4.1.3 Período de 1891 a 1930: controle político, controle financeiro e controle

Com a proclamação da República, a primeira alteração institucional na área de controle de recursos públicos foi a criação do Tribunal de Contas (TC), como estrutura independente ao Poder Executivo, pelo Decreto n. 966-A, em 7/11/1890.

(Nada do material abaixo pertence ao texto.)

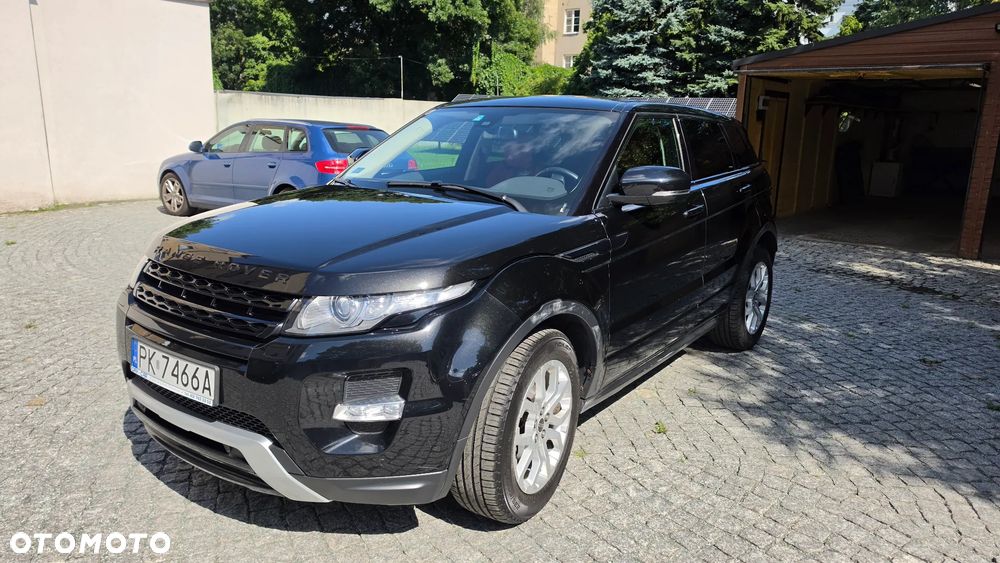 Land Rover Range Rover Evoque 2.0Si4 Dynamic - 3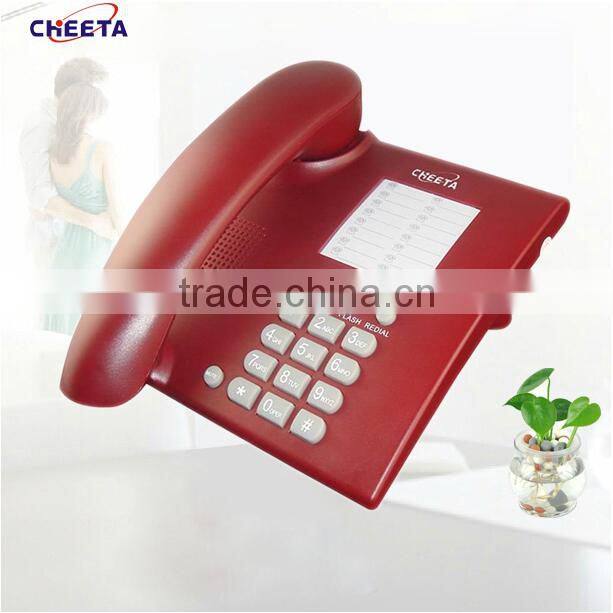 Funny corded hand phone small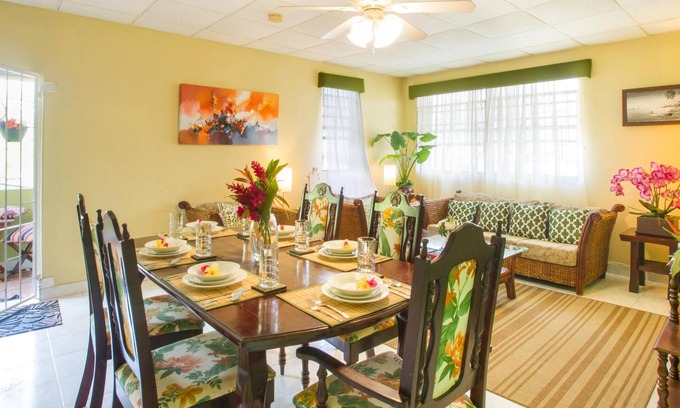 Welches Apartment | Barbados St Lawrence Gap Three Beds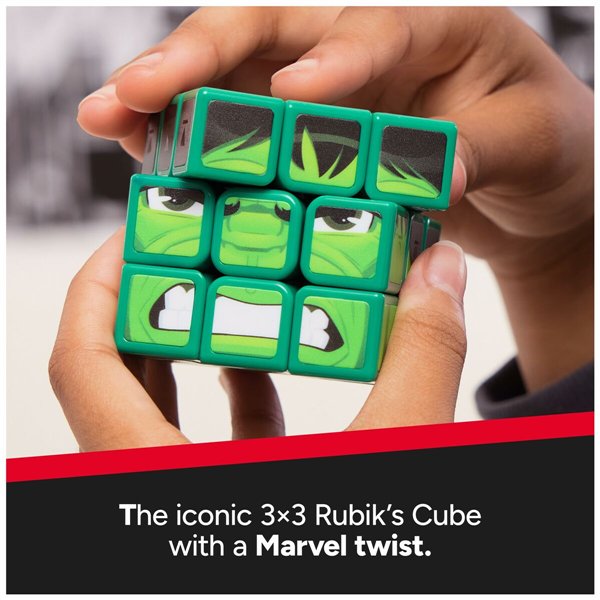 Rubik's Cube Rubik's The Hulk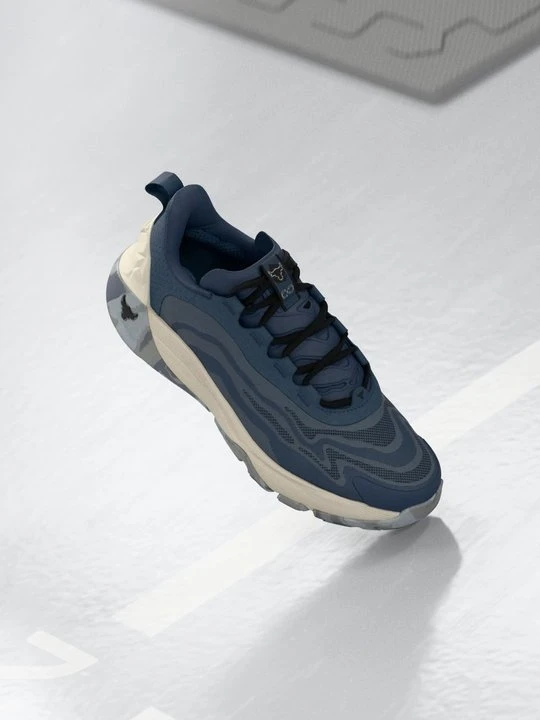 Zdjęcie produktu Buty treningowe Under Armour szary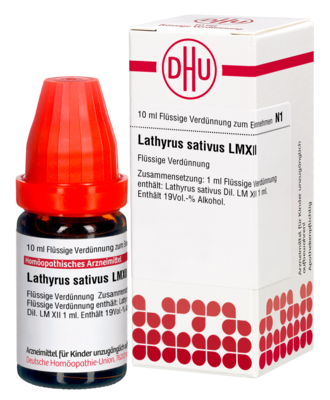 LATHYRUS SATIVUS LM XII Dilution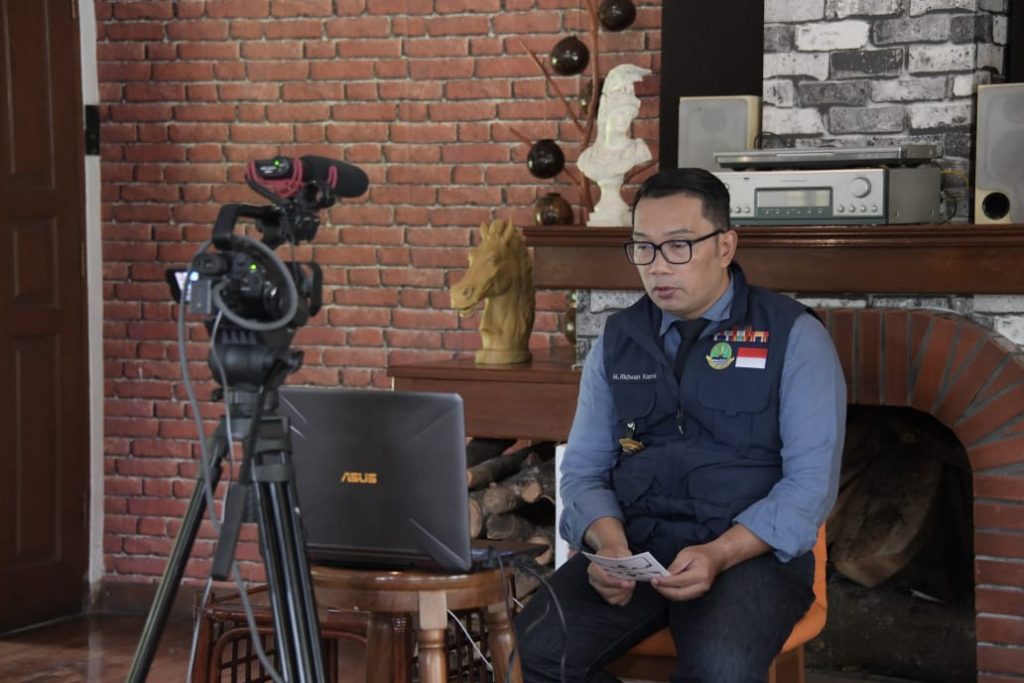 Ada Dua Warga Jabar Korban Sriwijaya Air, Ini Ridwan Kamil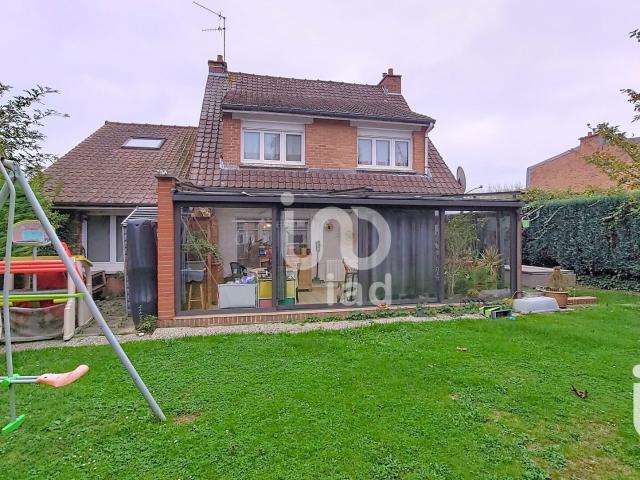 Saultain Vente Maison 59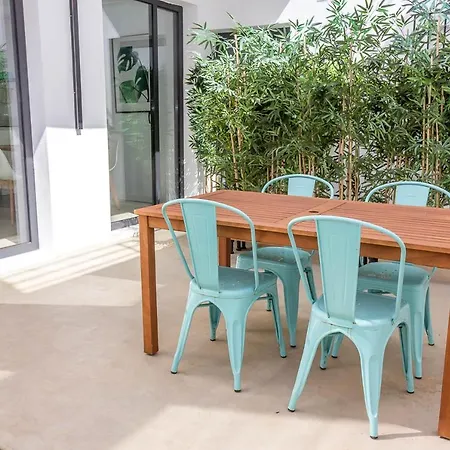 Bajo Canada Aguilar, Playa Apartment Mojacar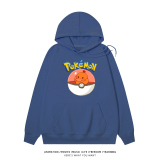 純棉 精靈皮卡丘&可達鴨連帽衫 兩件NT$1199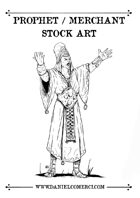 Prophet Merchant Stock Art
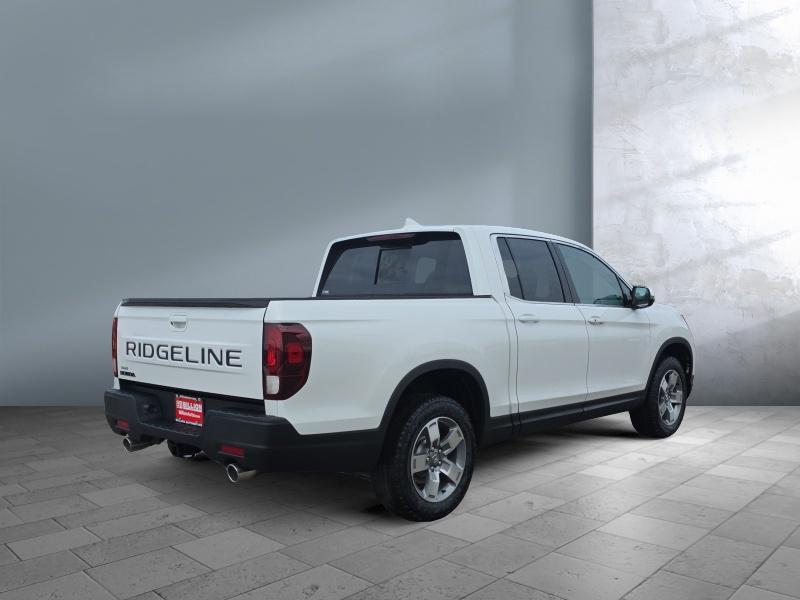 new 2026 Honda Ridgeline car, priced at $44,694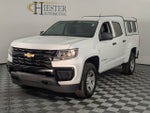 2022 Chevrolet Colorado Work Truck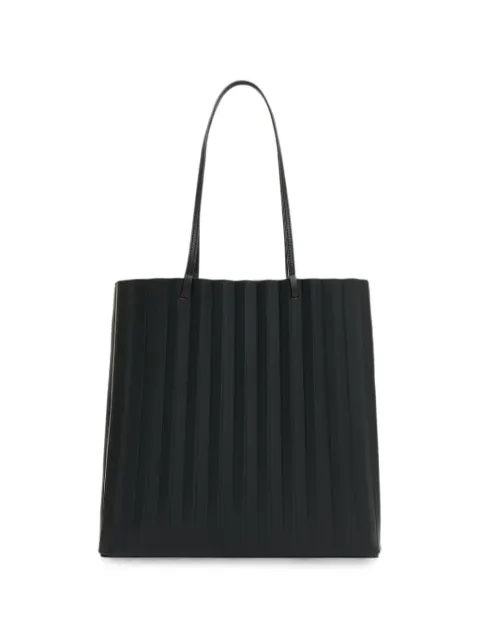 Mansur Gavriel Filo pleated tote bag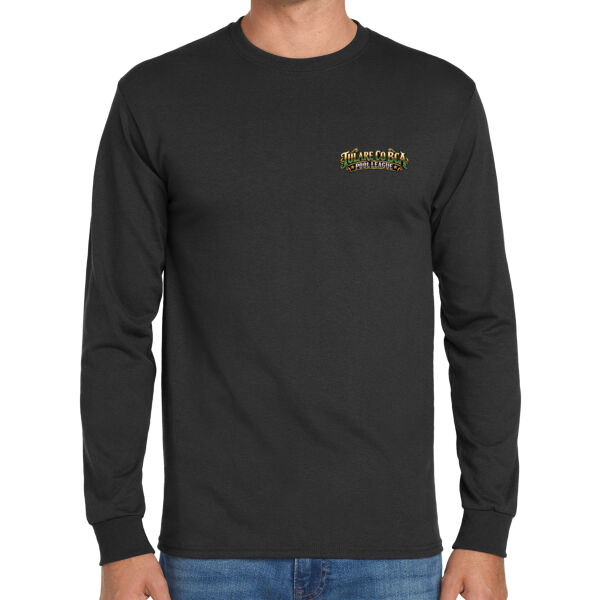 BCA Pool  - 50/50 Blend Long Sleeve Tee Thumbnail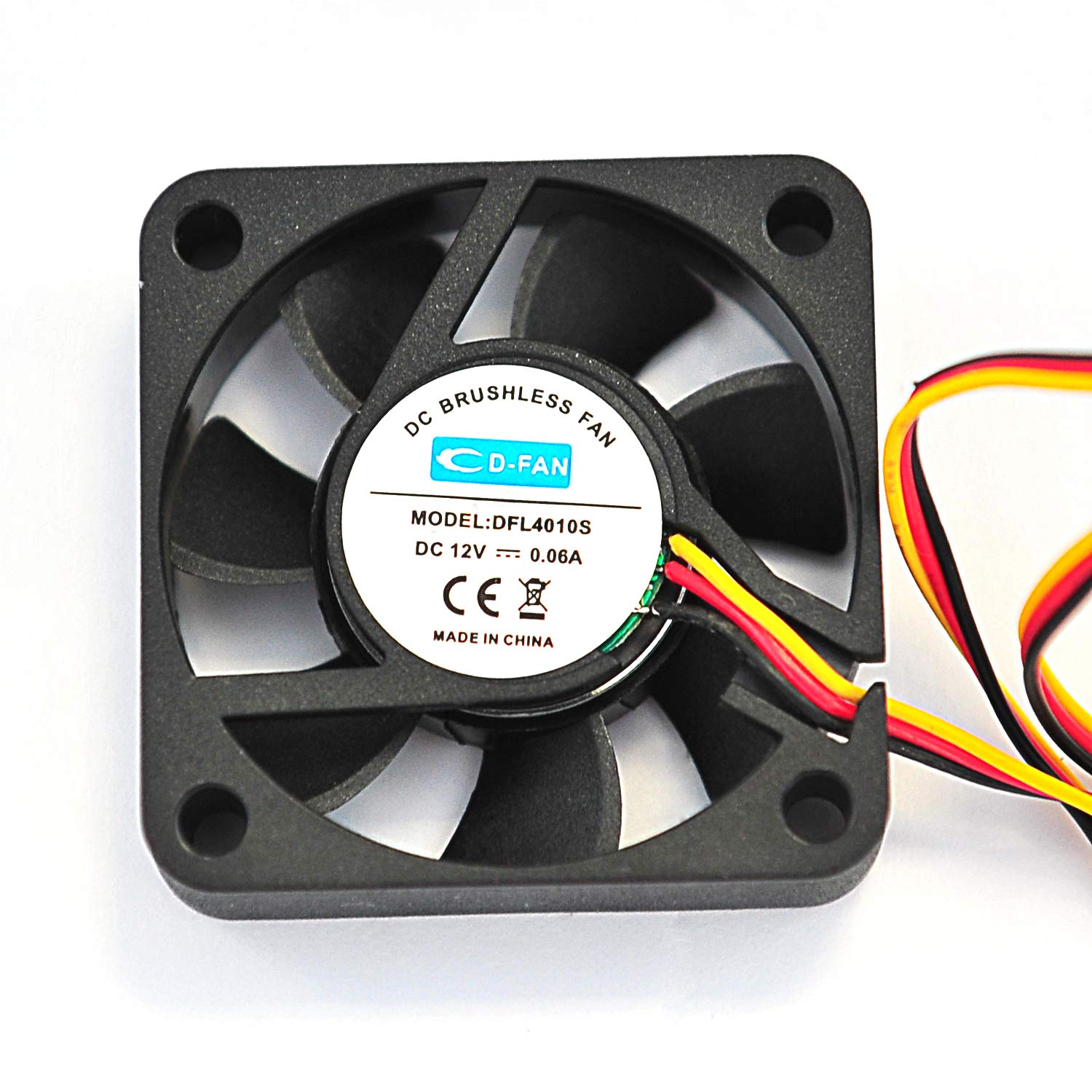 Ventola PC Neuftech 120mm Alimentazione Rete - Silenziosa Per Raffreddamento CPU - Foto 6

Na exposição de motivos do Decreto, quatro ideias foram destacadas por Ruy Barbosa, então Ministro e Secretário de Estado dos Negócios da Fazenda, defensor da proposta da instituição de um tribunal independente: 1. o orçamento público deveria ser visto como instituição inviolável e soberana, voltada ao atendimento de demandas públicas com o menor sacrifício possível para os contribuintes; 2. o processo de execução da lei orçamentária

deveria se constituir como sistema capaz de evitar “[...] todos os desvios, todas as vontades e

todos os poderes [...]” que pudessem perturbar o seu curso normal; 3. o compromisso da “[...] fiel execução orçamentária [...]” deveria ser instalado no país; e 4. o sistema de contabilidade do Thesouro Nacional, por ser “[...] defeituoso e fraco [...]”, deveria ser substituído (SILVA, 1999, p.158).

Como nenhuma estrutura de gestão ou de controle, externo ou interno, pode prover o exato cumprimento de ações planejadas ou evitar todos os desvios, verifica-se a estratégia simbólica e discursiva dos agentes para ampliar as suas condições de influência nas decisões sobre as disputas específicas para estruturar o novo mecanismo de controle sobre a despesa pública.

O Tribunal assume competências que ultrapassam a condição de fiscalizar os atos praticados pelo Executivo. A Constituição Federal de 1981 previu, em seu artigo 89, que o

Tribunal teria finalidade para “[...] liquidar as contas da receita e despesa e verificar a sua legalidade, antes de serem prestadas ao Congresso”.

O Decreto n. 966 – A/1890 previu que ao Tribunal competia examinar e revisar as contas de ministros e responsáveis por dinheiro ou valores da União, propor ao Ministro de Estado dos Negócios da Fazenda suspensão e prisão de responsáveis faltosos, impor multas, fixar débitos e julgar à revelia os que não prestassem contas no prazo devido, dar quitação, liberar valores e cauções garantidoras, enviar o relatório anual dos seus trabalhos ao Ministro de Estado dos Negócios da Fazenda e examinar os decretos, ordens, avisos, tabelas de crédito e outros atos ministeriais que originassem despesas para a Fazenda (BRAZIL, 1890). Desse conjunto de competências, observam-se, além das que são típicas de tribunal independente, algumas administrativas e outras exclusivas de tribunal de justiça.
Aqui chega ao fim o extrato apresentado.